15. A total of 2000 people attended a benefit concert was held to raise money for a children foundation. Student ticket cost $2 and an adult ticket cost $3. If the organizer raises a total of $5050, how many students attended the concert?

Let's denote the number of student tickets as \( x \) and the number of adult tickets as \( 2000 - x \).

From the problem, we know:

1. The total number of attendees is 2000: \[ x + (2000 - x) = 2000 \] This confirms our setup.

2. The total amount raised is $5050, which can be expressed with the ticket prices:

   • Student ticket price = $2
   • Adult ticket price = $3

   Therefore, the equation for total revenue is: \[ 2x + 3(2000 - x) = 5050 \]

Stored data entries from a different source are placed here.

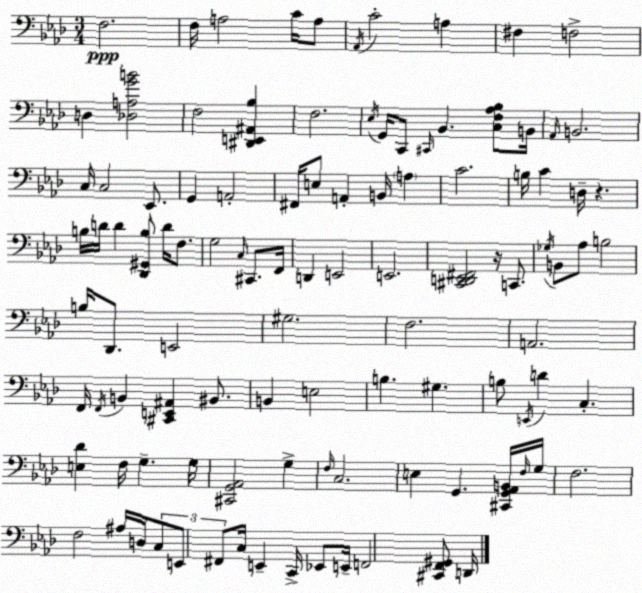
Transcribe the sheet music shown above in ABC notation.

X:1
T:Untitled
M:3/4
L:1/4
K:Ab
F,2 F,/4 A,2 C/4 A,/2 _A,,/4 C2 A, ^F, F,2 D, [_D,A,GB]2 F,2 [^D,,E,,^A,,_B,] F,2 _E,/4 G,,/4 C,,/2 ^C,,/4 _B,, [C,F,_A,_B,]/2 B,,/4 _A,,/4 B,,2 C,/4 C,2 _E,,/2 G,, A,,2 ^F,,/4 E,/2 A,, B,,/4 A, C2 B,/4 C D,/4 z B,/4 D/4 D [_D,,^G,,B,]/2 D/4 F,/2 G,2 C,/4 ^C,,/2 F,,/4 D,, E,,2 E,,2 [^C,,D,,_E,,^F,,]2 z/4 C,,/2 _G,/4 B,,/2 _A,/2 B,2 B,/4 _D,,/2 E,,2 ^G,2 F,2 A,,2 F,,/4 F,,/4 B,, [^C,,E,,^A,,] ^B,,/2 B,, E,2 B, ^G, B,/2 E,,/4 D C, [E,_D] F,/4 G, G,/4 [^C,,G,,_A,,]2 G, F,/4 C,2 E, G,, [^C,,G,,_A,,B,,]/4 F,/4 G,/4 F,2 F,2 ^A,/4 D,/4 C,/2 E,,/2 ^F,,/2 C,/4 E,, C,,/4 _E,,/2 E,,/4 F,,2 [^C,,F,,^G,,]/2 D,,/4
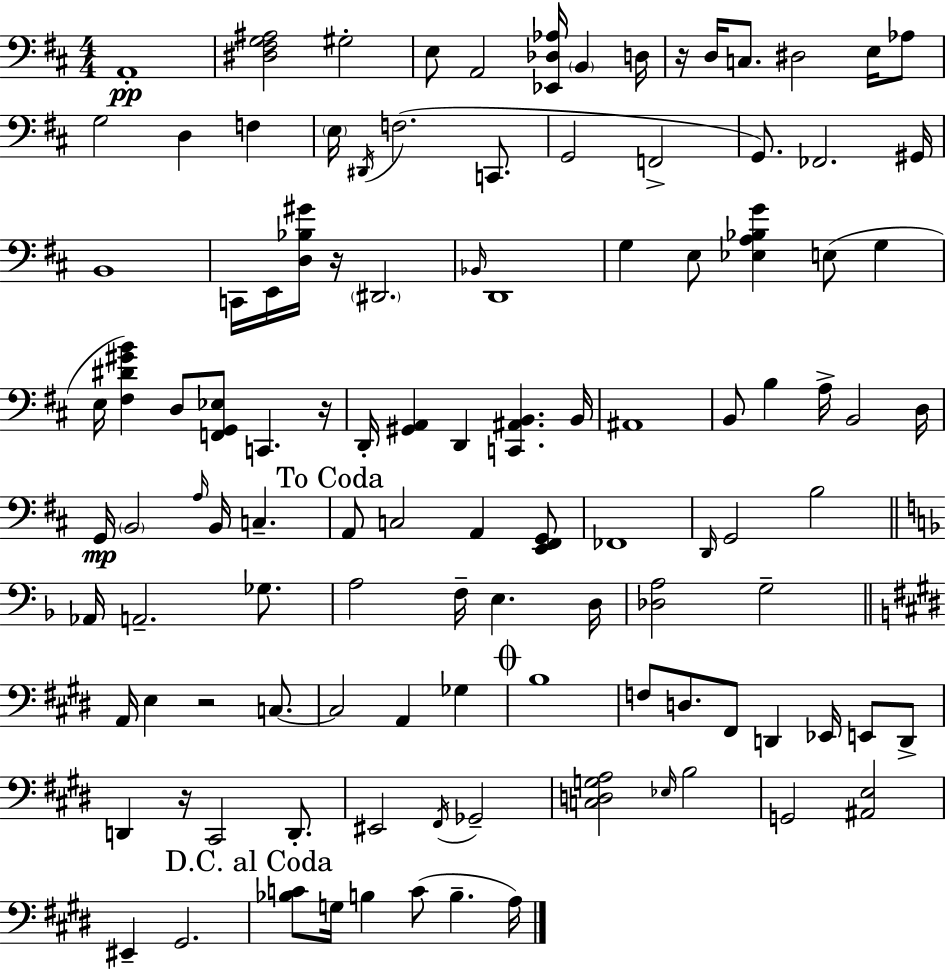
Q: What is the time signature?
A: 4/4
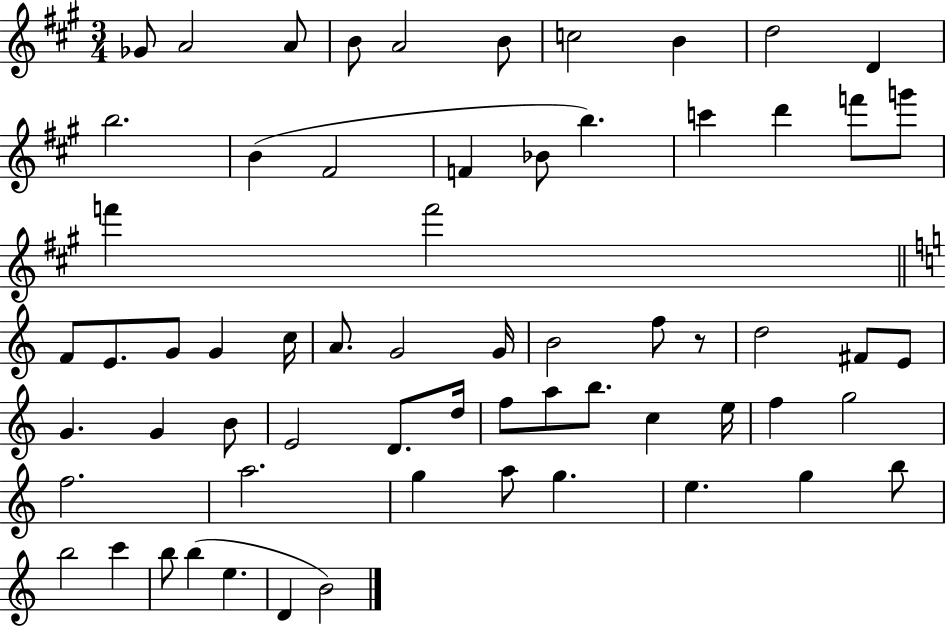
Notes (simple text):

Gb4/e A4/h A4/e B4/e A4/h B4/e C5/h B4/q D5/h D4/q B5/h. B4/q F#4/h F4/q Bb4/e B5/q. C6/q D6/q F6/e G6/e F6/q F6/h F4/e E4/e. G4/e G4/q C5/s A4/e. G4/h G4/s B4/h F5/e R/e D5/h F#4/e E4/e G4/q. G4/q B4/e E4/h D4/e. D5/s F5/e A5/e B5/e. C5/q E5/s F5/q G5/h F5/h. A5/h. G5/q A5/e G5/q. E5/q. G5/q B5/e B5/h C6/q B5/e B5/q E5/q. D4/q B4/h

Now, let's simplify this equation:

\[ 2x + 6000 - 3x = 5050 \]

Combine like terms:

\[ -1x + 6000 = 5050 \]

Subtract 6000 from both sides:

\[ -x = 5050 - 6000 \] \[ -x = -950 \]

Multiply both sides by -1:

\[ x = 950 \]

So, the number of students who attended the concert is \( \boxed{950} \).

To verify, let's find the number of adults:

\[ 2000 - 950 = 1050 \]

Now, we check the total revenue:

\[ 2(950) + 3(1050) = 1900 + 3150 = 5050 \]

This confirms that our solution is correct, and 950 students attended the concert.